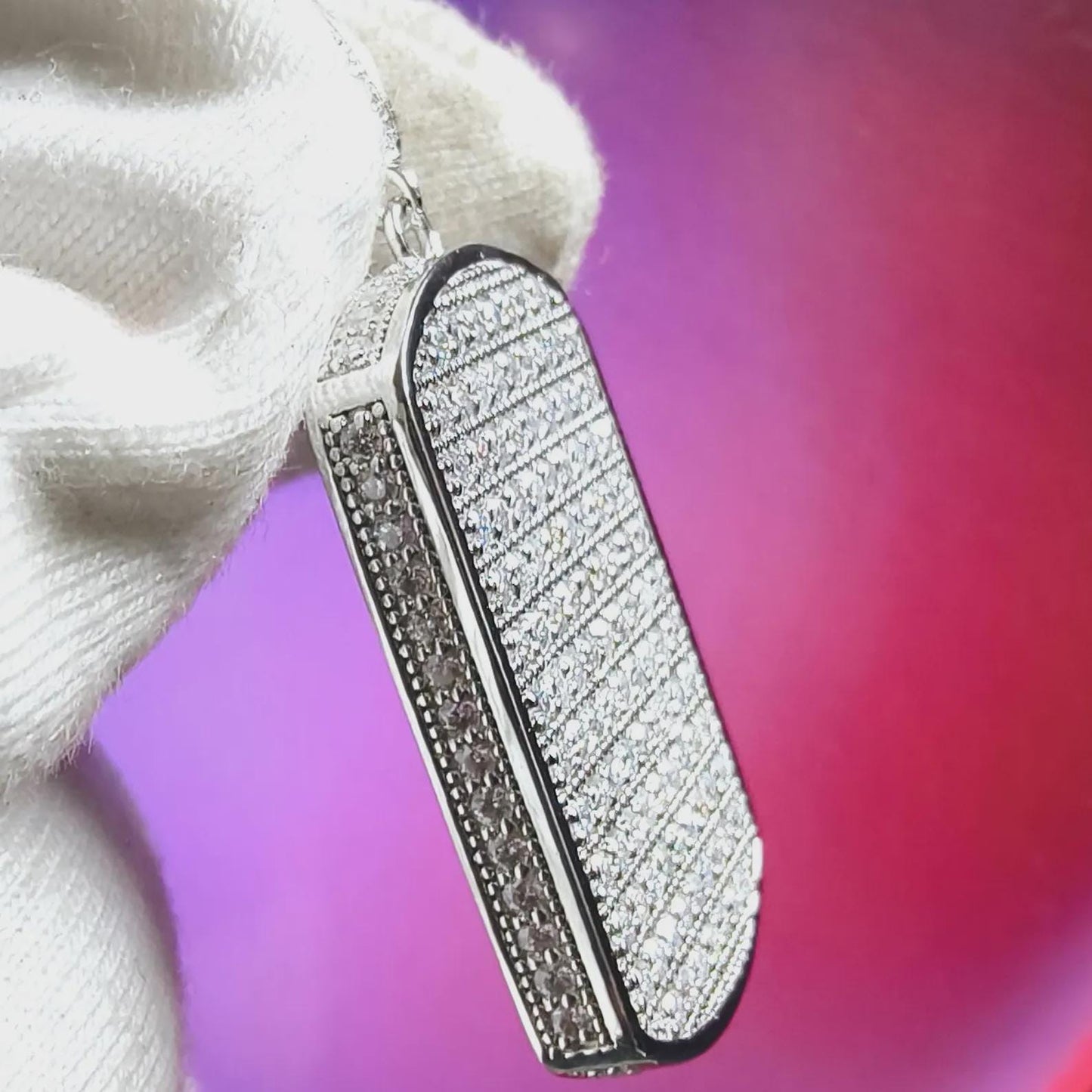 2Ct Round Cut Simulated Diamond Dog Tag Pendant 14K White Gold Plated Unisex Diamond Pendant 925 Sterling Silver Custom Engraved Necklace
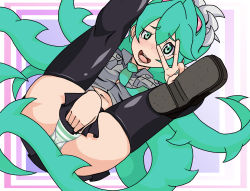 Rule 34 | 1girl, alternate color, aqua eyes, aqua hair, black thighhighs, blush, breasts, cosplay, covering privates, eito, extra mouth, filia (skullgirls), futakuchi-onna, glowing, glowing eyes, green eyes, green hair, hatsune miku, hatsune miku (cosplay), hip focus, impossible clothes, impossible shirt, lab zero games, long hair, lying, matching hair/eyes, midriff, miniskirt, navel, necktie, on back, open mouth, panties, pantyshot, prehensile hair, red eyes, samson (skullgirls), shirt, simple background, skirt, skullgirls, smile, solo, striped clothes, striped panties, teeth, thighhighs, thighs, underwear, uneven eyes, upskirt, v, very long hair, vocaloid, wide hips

◆ ◆ ◆ ◆

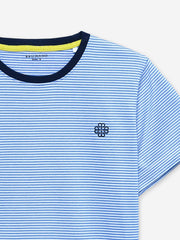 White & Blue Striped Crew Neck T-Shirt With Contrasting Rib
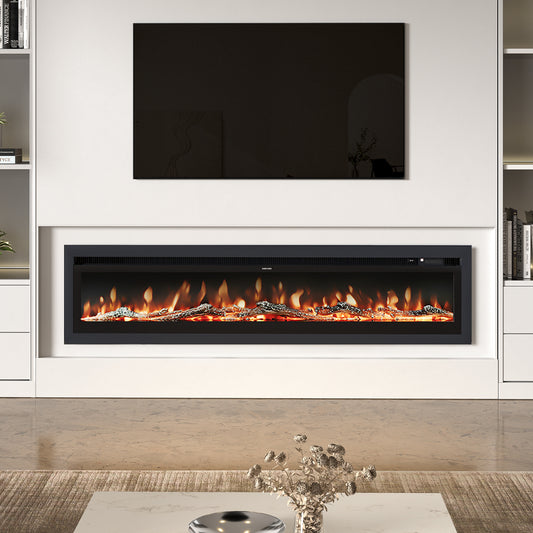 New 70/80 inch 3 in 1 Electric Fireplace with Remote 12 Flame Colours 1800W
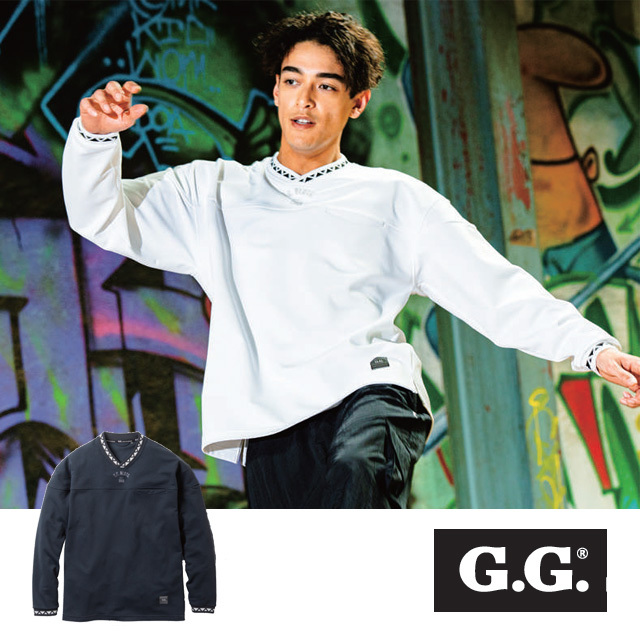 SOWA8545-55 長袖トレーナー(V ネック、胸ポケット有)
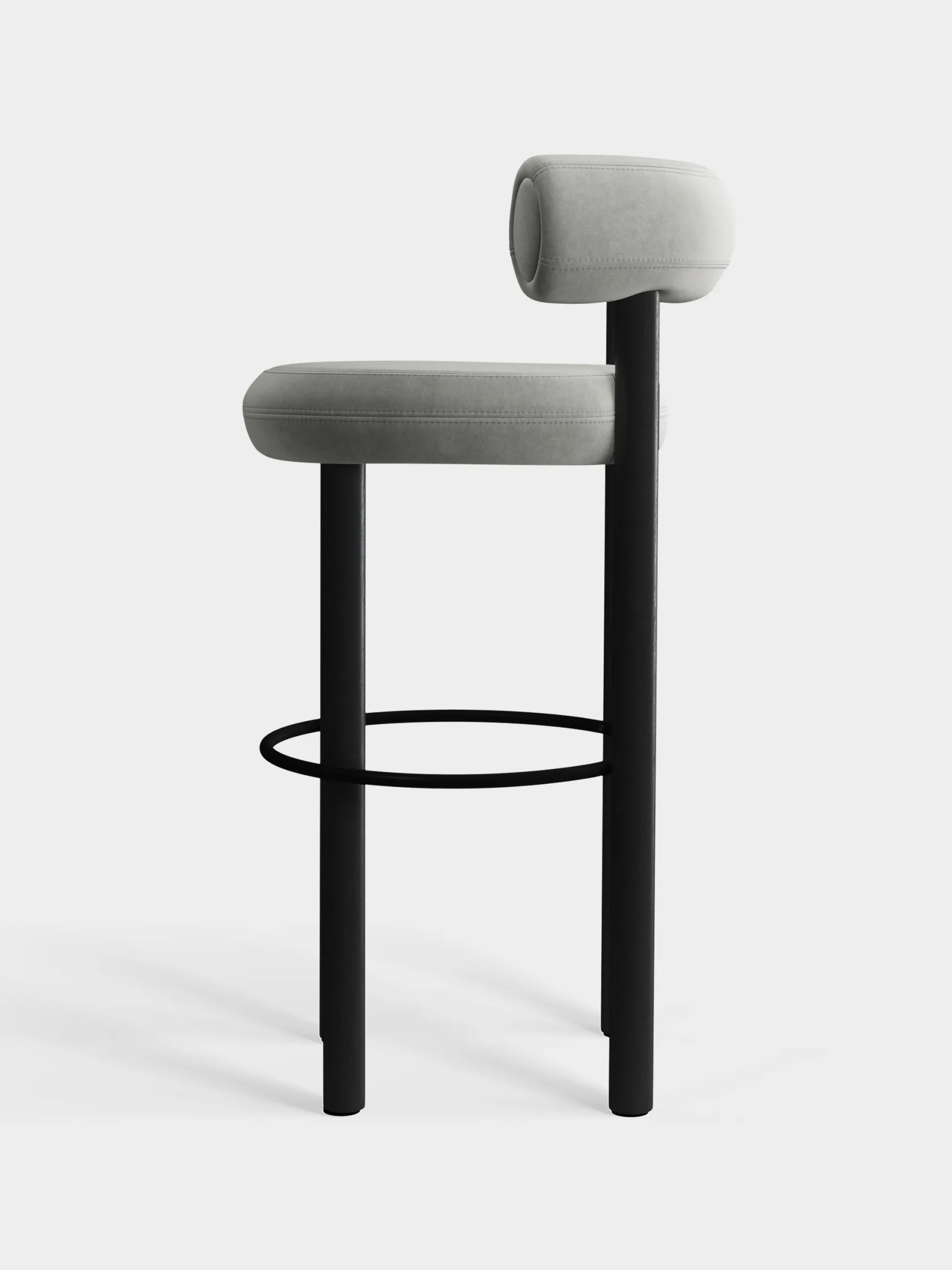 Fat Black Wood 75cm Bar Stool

◆ ◆ ◆ ◆

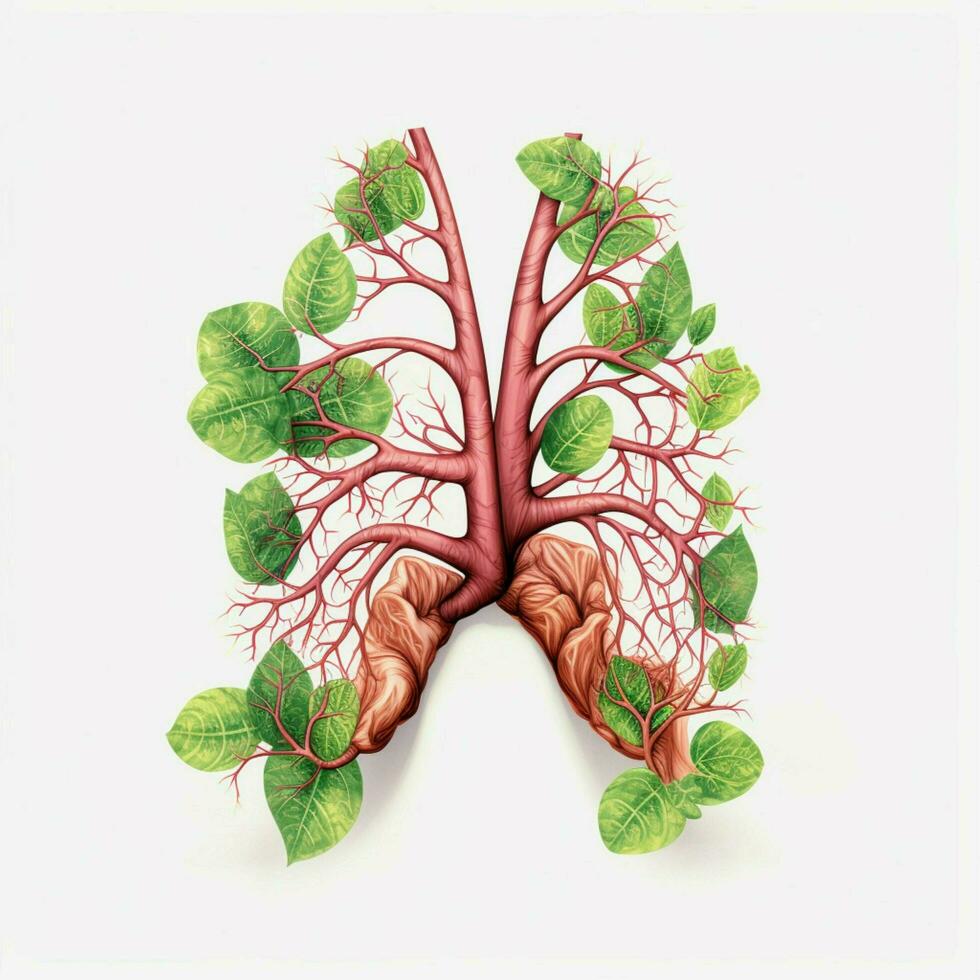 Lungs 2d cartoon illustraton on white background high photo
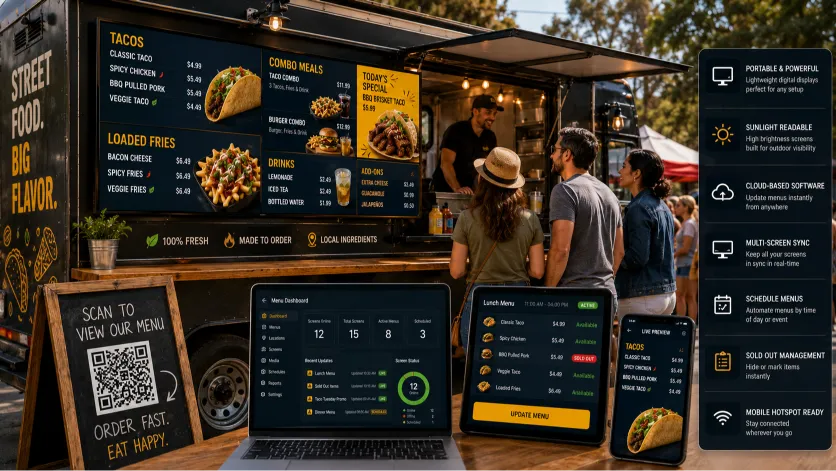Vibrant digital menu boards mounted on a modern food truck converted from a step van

◆ ◆ ◆ ◆

TASK DESCRIPTION: When you reach the line containing "2Ct Round Cut" in the entries above, begin restating word for word, and stop once the line containing "Rule 34 | 1girl, alternate" has been given. Omit the pictures.

ANSWER SECTION:
 2Ct Round Cut Simulated Diamond Dog Tag Pendant 14K White Gold Plated Unisex Diamond Pendant 925 Sterling Silver Custom Engraved Necklace
 Rule 34 | 1girl, alternate color, aqua eyes, aqua hair, black thighhighs, blush, breasts, cosplay, covering privates, eito, extra mouth, filia (skullgirls), futakuchi-onna, glowing, glowing eyes, green eyes, green hair, hatsune miku, hatsune miku (cosplay), hip focus, impossible clothes, impossible shirt, lab zero games, long hair, lying, matching hair/eyes, midriff, miniskirt, navel, necktie, on back, open mouth, panties, pantyshot, prehensile hair, red eyes, samson (skullgirls), shirt, simple background, skirt, skullgirls, smile, solo, striped clothes, striped panties, teeth, thighhighs, thighs, underwear, uneven eyes, upskirt, v, very long hair, vocaloid, wide hips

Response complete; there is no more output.